For the purpose of not causing the fog as a result of an increase in
residual potential, a method is also proposed in which a Lewis acid such
as 2,4-dinitrobenzoic acid, phthalic anhydride, 2,6-dinitro-p-benzoquinone
or p-bromanil is added in the protective layer so that a relatively slight
trap may be formed without trapping of charges at the interface between
the protective layer and photosensitive layer (for example, Japanese
Laid-open Applications No. 53-133444 and No. 55-157748). There, however,
may arise the problem that the durability such as scratch resistance and
slide resistance are lowered.
Hence, an excessively low resistance of the protective layer results in the
movement of charges in the lateral direction to cause a lowering of
electrostatic charge potential. On the other hand, an excessively high
resistance results in the accumulation of charges to increase residual
potential, so that it is necessary to control the resistance of the
protective layer to a suitable value and also make the resistance stable
to the changes in use environment such as temperature and humidity. In
addition, the protective layer must have a film thickness which is
relatively thin to the extent that it may not substantially affect the
resolution of the photosensitive layer, and also must be excellent in the
durability such as scratch resistance and slide resistance.

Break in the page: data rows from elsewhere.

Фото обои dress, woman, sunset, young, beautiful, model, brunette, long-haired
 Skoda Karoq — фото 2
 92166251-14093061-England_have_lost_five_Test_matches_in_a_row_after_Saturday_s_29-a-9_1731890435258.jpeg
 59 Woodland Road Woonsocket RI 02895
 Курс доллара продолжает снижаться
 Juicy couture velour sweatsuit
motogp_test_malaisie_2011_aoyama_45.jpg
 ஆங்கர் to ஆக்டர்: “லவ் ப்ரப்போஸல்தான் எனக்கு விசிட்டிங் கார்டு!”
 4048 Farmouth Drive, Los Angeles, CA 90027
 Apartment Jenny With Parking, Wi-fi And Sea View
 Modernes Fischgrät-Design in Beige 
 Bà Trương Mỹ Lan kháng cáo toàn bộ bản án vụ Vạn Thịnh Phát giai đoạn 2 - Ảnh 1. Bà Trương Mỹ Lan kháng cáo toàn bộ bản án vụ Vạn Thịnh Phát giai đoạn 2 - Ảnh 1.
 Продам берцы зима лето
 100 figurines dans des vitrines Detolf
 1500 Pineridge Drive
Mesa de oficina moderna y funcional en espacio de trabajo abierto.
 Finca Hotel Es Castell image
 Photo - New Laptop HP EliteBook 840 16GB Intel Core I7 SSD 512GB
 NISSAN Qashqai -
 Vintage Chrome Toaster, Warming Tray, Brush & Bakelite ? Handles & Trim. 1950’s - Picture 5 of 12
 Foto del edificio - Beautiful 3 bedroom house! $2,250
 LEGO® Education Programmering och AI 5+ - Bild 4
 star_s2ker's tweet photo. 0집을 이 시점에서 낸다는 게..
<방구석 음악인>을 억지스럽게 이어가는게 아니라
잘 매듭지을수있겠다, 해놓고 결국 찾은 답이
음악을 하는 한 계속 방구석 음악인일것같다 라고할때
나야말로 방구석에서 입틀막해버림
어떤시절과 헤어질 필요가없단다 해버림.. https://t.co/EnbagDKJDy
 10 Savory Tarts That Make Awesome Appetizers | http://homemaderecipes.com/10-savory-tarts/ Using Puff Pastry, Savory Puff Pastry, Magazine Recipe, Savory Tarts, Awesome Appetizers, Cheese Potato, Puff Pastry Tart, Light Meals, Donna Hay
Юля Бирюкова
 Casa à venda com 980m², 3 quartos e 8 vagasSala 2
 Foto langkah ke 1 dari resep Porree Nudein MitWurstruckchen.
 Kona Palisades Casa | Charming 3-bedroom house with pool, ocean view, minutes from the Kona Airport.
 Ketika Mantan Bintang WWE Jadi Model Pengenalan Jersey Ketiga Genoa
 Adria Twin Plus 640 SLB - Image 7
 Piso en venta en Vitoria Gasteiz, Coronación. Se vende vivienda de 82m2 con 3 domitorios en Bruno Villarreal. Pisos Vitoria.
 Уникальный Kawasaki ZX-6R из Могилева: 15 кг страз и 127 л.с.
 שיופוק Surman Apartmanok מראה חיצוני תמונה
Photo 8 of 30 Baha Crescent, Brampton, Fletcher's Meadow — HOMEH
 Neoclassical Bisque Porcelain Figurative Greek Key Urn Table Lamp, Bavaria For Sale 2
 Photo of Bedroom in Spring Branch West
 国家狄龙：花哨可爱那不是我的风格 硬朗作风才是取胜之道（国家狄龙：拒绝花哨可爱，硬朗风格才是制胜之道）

Now, proposed is a method in which a protective layer comprising a metallic
oxide dispersed in a binder resin (for example, Japanese Laid-open
Applications No. 57-30846, No. 58-121044 and No. 59-223445). This method
can obtain a photosensitive member free from charge accumulation
accompanying repeated use and stable even to the changes in use
environment. Since, however, the metallic oxide contained in the binder
resin is insoluble to the binder resin and solvent and is in a bulky form,
the optical characteristics may differ depending on the state of
dispersion thereof even when it is contained in the protective layer in a
constant amount. For example, the presence in the protective layer, of
relatively large particles or of agglomerates because of non-uniform state
of dispersion results in a lowering of the transparency of the protective
layer to cause a lowering of the light-sensitivity of the photosensitive
member and a lowering of image quality.
Incidentally, as previously mentioned, whiskers are meant to be beard-like
single crystals, and refer to single crystals having a length not less
than several times the average diameter. Linear-fibrous whiskers of
potassium titanate, silicon carbide, silicon nitride, etc. are known in
the art, and those to which electrical conductivity has been imparted are
also commercially available. These can achieve a superior mechanical
strength, slidability and electrical conductivity in the longitudinal
direction, but no stable mechanical strength, slidability and electrical
conductivity can be obtained in the diameter direction, i.e., the film
thickness direction unless it is added in a large amount. If for that
reason they are added in a large amount, the sensitivity of the
photosensitive layer may be lowered because of a lowering of the
transparency of the protective layer and moreover the adhesion can be
little improved even if it is added in a large amount.
SUMMARY OF THE INVENTION
Accordingly, it is an object of the present invention to provide a
composition with high dispersion, that employs novel zinc oxide whiskers
as a conductive filler and has achieved a very efficient and stable
electrical contact in a resin, which is different from the prior art,
i.e., the techniques in which the high dispersion and high electrical
conductivity are achieved by making smaller or finer the particles of
conductive fillers.
It is another object of the present invention to provide a composition with
a high electrical conductivity and high plasticity, that can impart a high
electrical conductivity by only incorporating in a resin composition a
small amount of filler, retaining excellent properties inherent in the
resin.
It is still another object of the present invention to provide a method of
making a conductive resin film that can obtain a suitable electrical
conductivity, may require no limitation on hues, can be free from the
deterioration due to oxidation, and has a rich flexibility.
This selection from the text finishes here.